Fue en el concierto de Pink Floid en Madrid, julio de 1988. Llevaba meses ahorrando para comprar una entrada y al final la conseguí. Horas de espera para lograr una buena situación junto al escenario y un fuerte torbellino de empujones y carreras cuando abrieron las puertas. Perdí a todos mis amigos en el tumulto pero pude conseguir una buena situación razonablemente cerca del escenario. No me moví, preferí ver y escuchar bien a los Pink a su compañía.

Hasta la segunda canción no fui consciente de su presencia. Estábamos todos comprimidos en un contacto físico intenso, enardecidos y emocionados por la música, por los efectos visuales del espectáculo. Se pegó a mi cuerpo, notaba su espalda en mi pecho, sus nalgas en mis caderas. Un poquito más baja que yo veía el escenario por encima de su cabeza. Todos, como un bloque compacto, nos movíamos al compás de la música y en un momento determinado –creo que fue con The Wall– giró de improviso su cabeza hacia mí y exclamó “¿No es maravilloso?”. Sin esperar respuesta volvió su rostro hacia el escenario. Sus ojos, grandes y verdes, quedaros marcados a fuego en los míos. Tenía un pelo intensamente negro, liso, con un flequillo que llegaba a sus cejas. El rostro estaba delimitado en un óvalo suave, una nariz pequeña, una boca enmarcada por labios gruesos y sonrosados. En los pocos segundos que tuve para verla fui capaz de atrapar toda su belleza.

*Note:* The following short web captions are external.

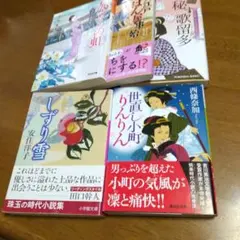 小説 文学・小説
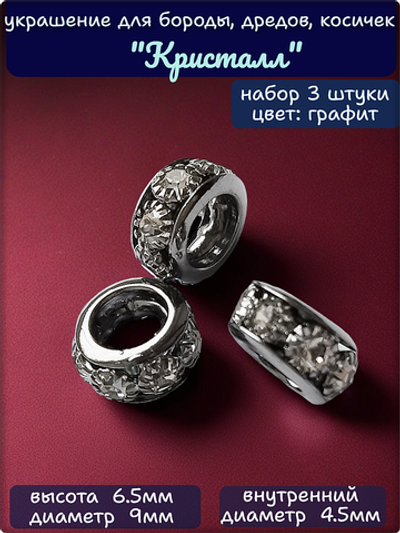 Украшение для бороды дредов, афрокосичек "Кристалл".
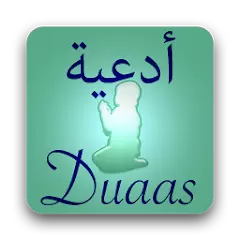 30 Duaas(恳求)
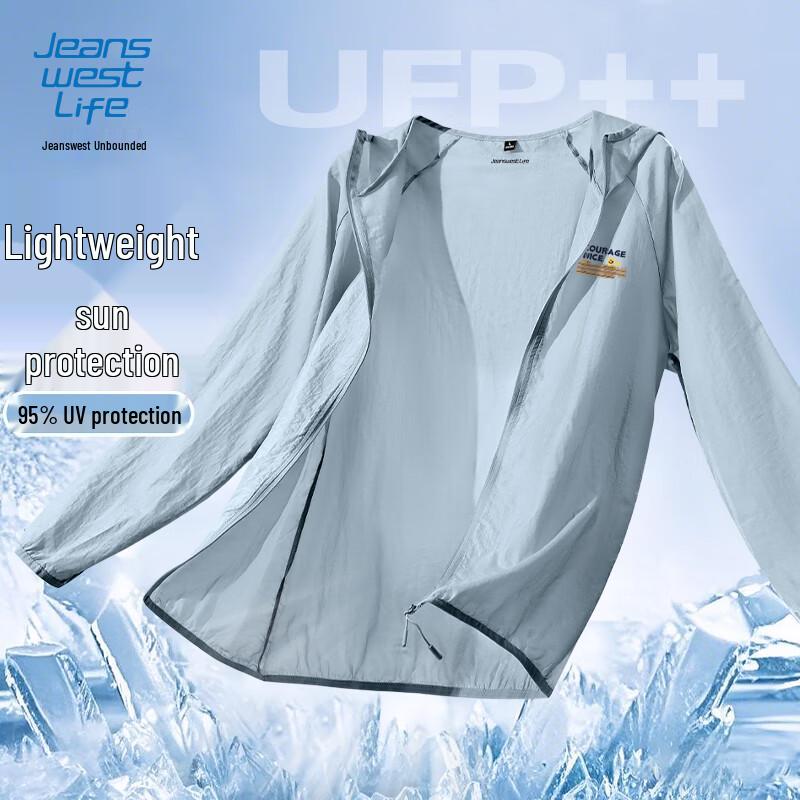 Мужская куртка с капюшоном JEANSWEST LIFE 2025, ледяной шелк, защита от УФ-излучения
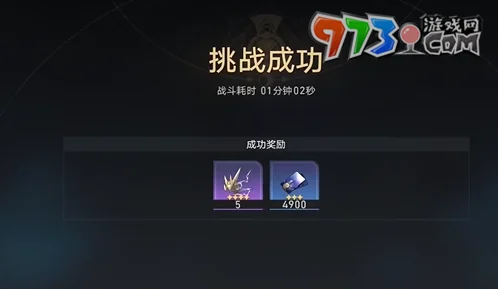 崩坏星穹铁道，解锁天斩无斩成就全攻略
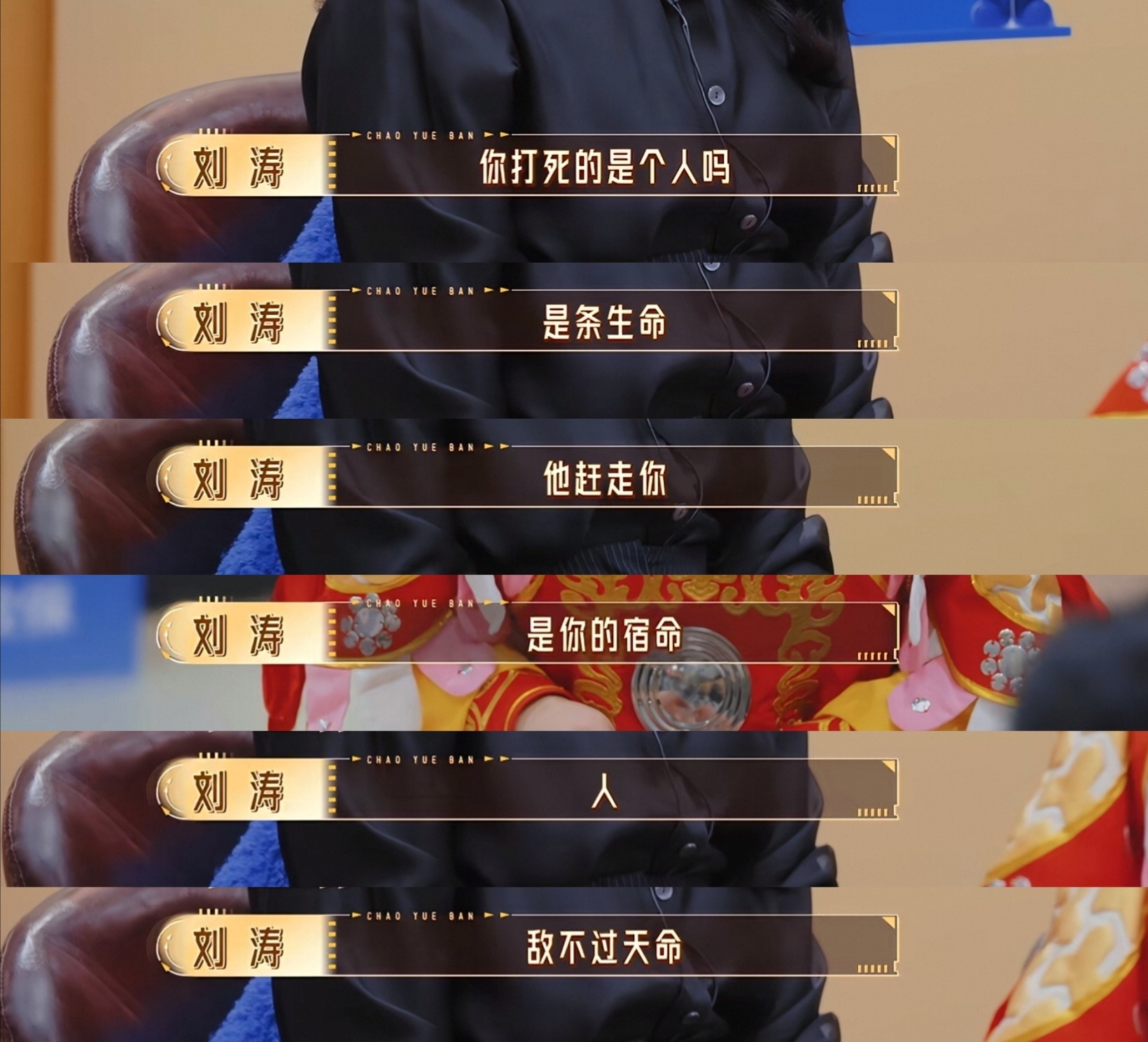 刘涛的即兴台词太牛了👇🏿1️⃣ “你打死的是个人吗，是条生命”☞不能因为对方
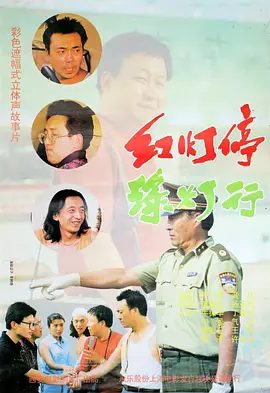 伊人精品国产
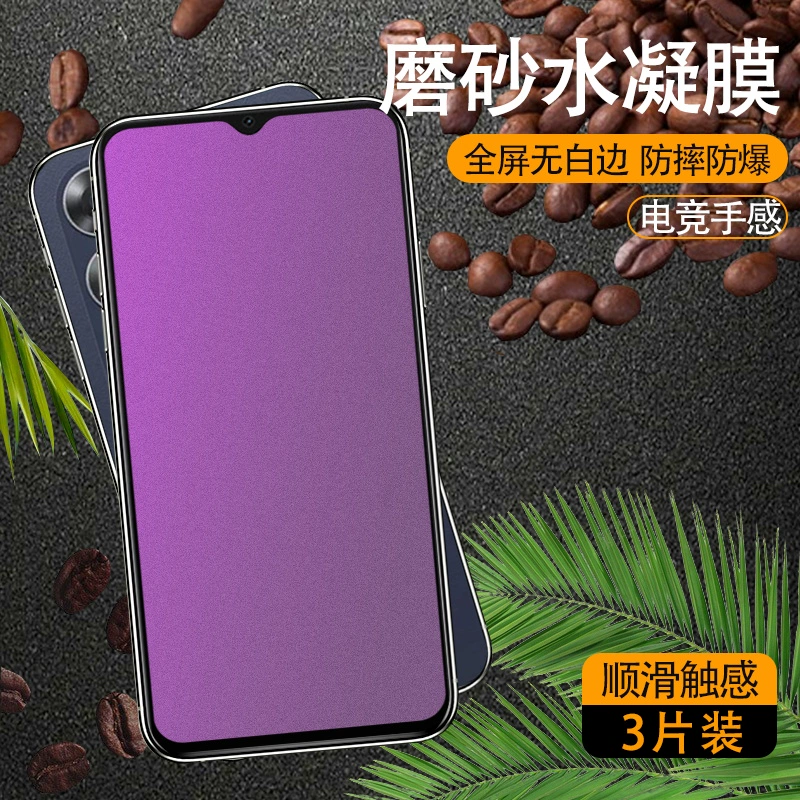 游戏砸手机屏幕_砸屏幕手机游戏视频_砸屏幕手机游戏怎么玩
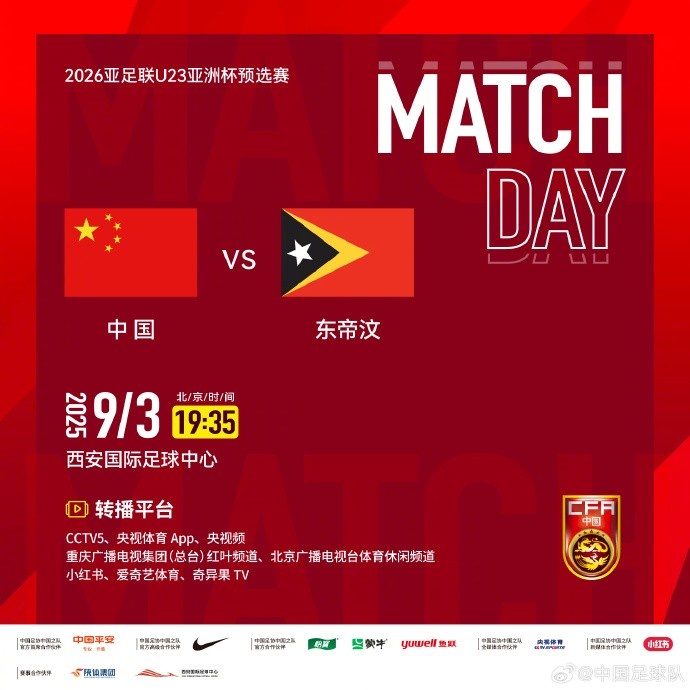 9月3日19:35，U23亞洲杯預選賽D組中國vs東帝汶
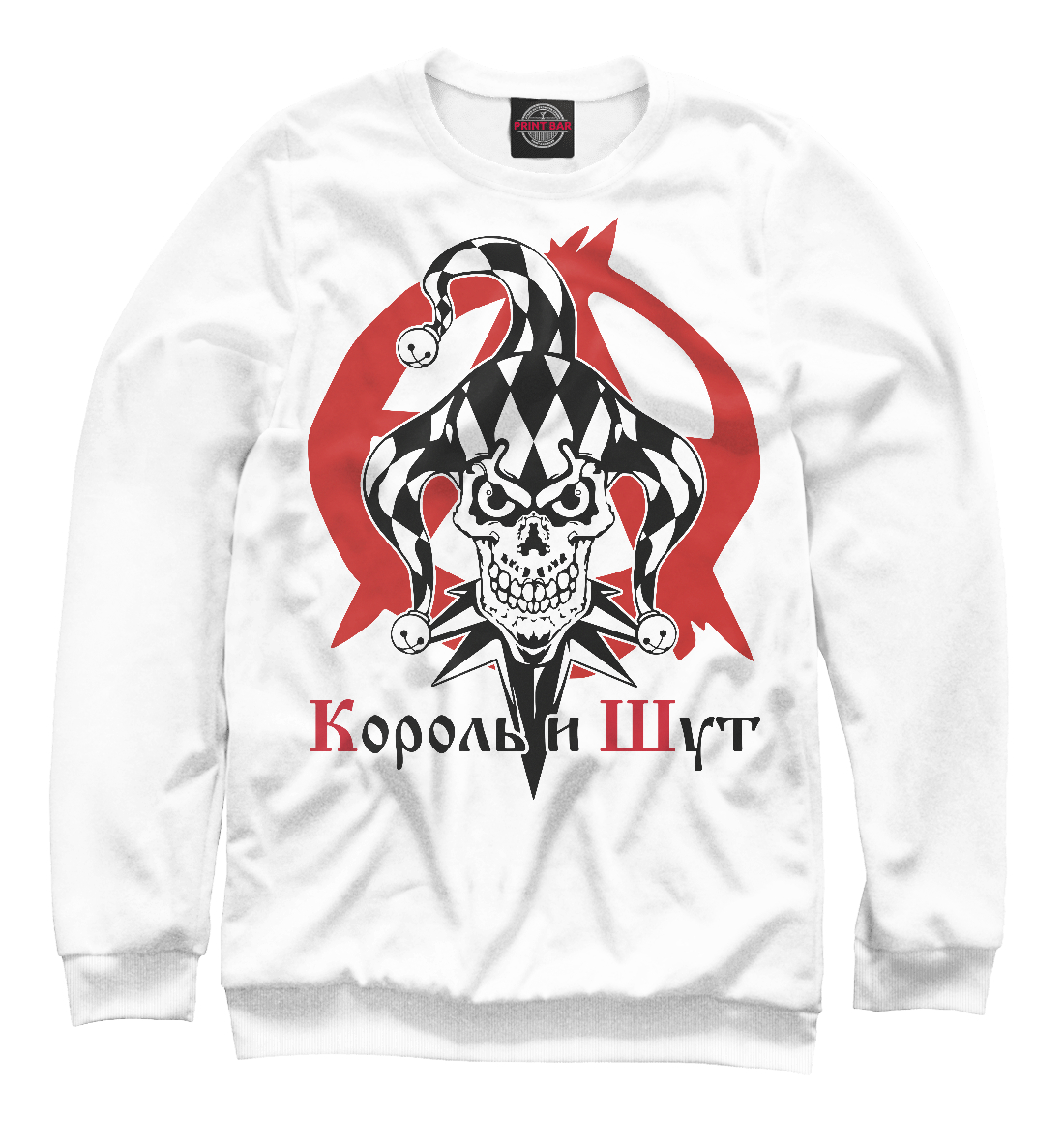 

Король и Шут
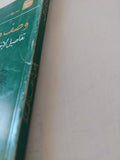 وصف مصر بالعبرى .. تفاصيل الإختراق الإسرائيلى للعقل المصرى / رفعت سيد أحمد - متجر كتب مصر - متجر كتب مصر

Entonces me di cuenta de su presencia y toda la absoluta atención que hasta entonces dedicaba al concierto la dividí entre la música y ella; mejor dicho, en la música con ella, porque ya todo fue diferente.

Desprendía un aroma de caramelo quemado, colonia suave y tabaco rubio; nunca había olido algo similar, en mi barrio no existían esos aromas, ni mucho menos chicas que olieran así, todo eran perfumes baratos, a veces ofensivos para las narices.

Cuando sonaron los primeros acordes de Wish You Were Here volvió de nuevo la cabeza hacia mí y con una mirada intensa hacia mis ojos me pidió con voz temblorosa “Por favor, abrázame

Apreté mis brazos envolviendo su cuerpo. Bajé la cabeza hasta que mi mejilla contactó con la suya. Sentía en mis manos la presión de sus pechos, el latido fuerte y acelerado de su corazón, su cuerpo adherido con fuerza al mío. Me di cuenta que tenía los ojos cerrados, la cabeza inclinada hacia atrás, como si mirase a un cielo propio en el que se mezclaban las emociones que aquella música le provocaban, mi contacto, y sabe dios qué más. Sin separarme ni un milímetro de ella también cerré los ojos y me dediqué a sentir su cuerpo, su olor, su calor, junto con la música que potenciada en una infinidad de watios penetraba en cada una de mis células y hacía vibrar todo mi ser.

Cuando acabó la canción se deshizo suavemente de mi abrazo, se volvió hacia mí y atrapando mi rostro con las dos manos me besó. Fue un beso largo, amplio, suave y violento a la vez, con una profusión de movimientos húmedos de labios y lenguas. Un beso en el que había algo parecido a una entrega desesperada, en el que se ponía en juego algo más que materia, en el que algo inmaterial se juntaba explosivamente con labios dolorosamente huérfanos.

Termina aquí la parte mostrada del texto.